À medida que as marcas dão maior ênfase às embalagens sustentáveis, a redução das embalagens torna-se uma consideração cada vez mais importante. Embora a mudança para materiais de embalagem alternativos possa fazer parte de uma estratégia de sustentabilidade, reduzir a quantidade de material utilizado é também uma forma prática de reduzir o consumo de recursos.
Bolsas leves e flexíveis oferecem uma abordagem flexível para redução de embalagens. Ao otimizar o tamanho da bolsa, a espessura do material, a estrutura do material e o design da bolsa, as marcas podem reduzir o uso desnecessário de material e, ao mesmo tempo, atender aos requisitos de proteção do produto, transporte e uso diário.
O que é embalagem flexível leve?
As bolsas leves e flexíveis são projetadas para reduzir o consumo de material por meio de melhorias coordenadas nas dimensões das bolsas, na estrutura do material e no desempenho geral da embalagem. Esta abordagem não consiste simplesmente na utilização de materiais de embalagem mais finos.
Por exemplo, se um produto for embalado em uma bolsa maior do que o necessário para seu volume real de enchimento, a otimização das dimensões da bolsa pode reduzir o uso de material. Da mesma forma, quando a barreira e os requisitos mecânicos do produto permitirem, a estrutura e a espessura do material podem ser revisadas para encontrar uma combinação mais adequada.

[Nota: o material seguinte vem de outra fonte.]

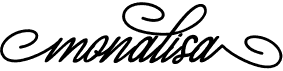 preview image of the Monalisa Script font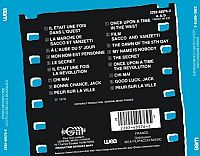 Les Plus Belles Musiques D'Ennio Morricone [CD], 1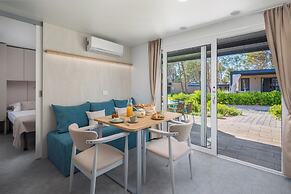 Aminess Style Glamping Villas & Holiday Homes Avalona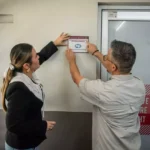 DISTINTIVO NAFIN IMPULSA LA INDUSTRIA DE AEROPARTES DE CULIACÁN
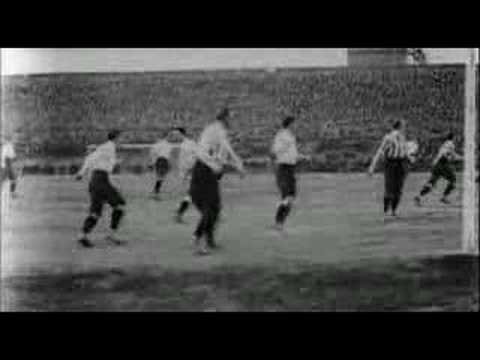 1901 FA Cup Final Result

Em outras palavras, embalagens leves são uma questão de otimização, e não simplesmente de tornar o material mais fino.
Por que as embalagens flexíveis são adequadas para designs leves?
Em comparação com muitos formatos de embalagens rígidas, as embalagens flexíveis oferecem maior flexibilidade de design. As bolsas podem ser projetadas de acordo com a capacidade, formato e uso pretendido do produto, sem depender de materiais grossos para manter uma estrutura rígida.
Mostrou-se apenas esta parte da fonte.